Aujourd’hui, les conditions deviennent plutôt favorables mais pourraient ne pas suffire pour amener l’Afrique à s’endetter davantage. En effet, la dette s’entretient par le remboursement du capital et des intérêts. Cela suppose que l’Etat puisse prélever suffisamment auprès des contribuables afin de tenir ses engagements financiers. Ainsi, emprunter devrait s’effectuer dans des conditions de forte croissance ; ce dont l’Afrique peut se prévaloir depuis la décennie passée. Or en Afrique, cette croissance est fortement tirée par un effort d’investissement public – et donc, non rentable – et l’investissement privé dans les ressources minières. Par ailleurs, l’instrument fiscal est assez faible dans la plupart des pays africains, réduisant ainsi les revenus de l’Etat. Et c’est justement l’anticipation de ces revenus futurs qui déterminent la capacité d’un pays à s’endetter. Cette situation serait donc à l’origine de l’incapacité des pays africains à contracter massivement des prêts : la dette en fin 2012 pour la plupart des pays d’Afrique se situait encore sous la barre des 10 mds USD, seulement quelques pays chiffrent leur dette en plusieurs dizaines de Mds USD.

Somme toute, l’Afrique a un potentiel sur le plan financier, qui est encore inexploité du fait de la faiblesse de son économie, qui pourtant paraît fort (au regard des taux de croissance enregistrés)  du fait du soutien d’investisseurs étrangers. Si la gouvernance s’améliore à la mesure des efforts des pays à assainir l’environnement des affaires, le défi actuel pour le continent, serait de rééquilibrer les comptes afin de disposer des revenus futurs capables de couvrir cette charge tout en améliorant la performance des outils financiers des Etats, notamment la fiscalité.

Mais tout ceci ne serait favorable en réalité que si la richesse se créé sur la base de facteurs internes.
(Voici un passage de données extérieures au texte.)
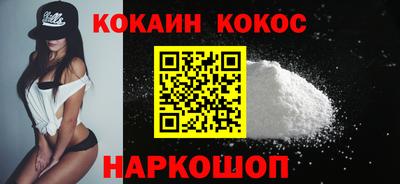 ECSTASY Апрелевка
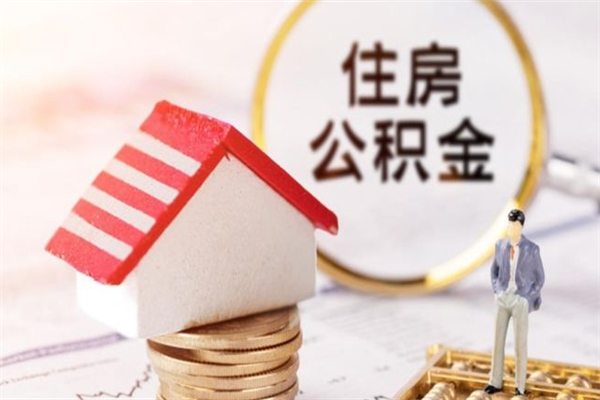 青海住房公积金装修房子怎么提取（公积金装修房子提取条件）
Ainsi, tant que les performances économiques de l’Afrique seront en lien avec la richesse de son sous-sol mis en valeur par des capitaux étrangers, elle ne pourra user de la dette pour asseoir son émergence. Rendre la croissance inclusive par le développement d’un secondaire fort capable de répondre à la demande intérieure et le développement d’un système fiscal adossé à un mécanisme de collecte des impôts efficace seraient un préalable pour que la dette  puisse contribuer, sans contraintes, au développement du continent. A défaut, elle obérera toutes perspectives de croissance à termes, en devenant un poids pour les finances publiques, décrédibilisant et rendant ridicules les efforts des pays en matière de finances publiques. En fait, l’Afrique peut s’endetter davantage mais les conditions ne sont pas encore remplies pour qu'elle le fasse.

 Foly Ananou


[1] La croissance n’est de toute façon qu’un chiffre, la réalité derrière étant autres choses.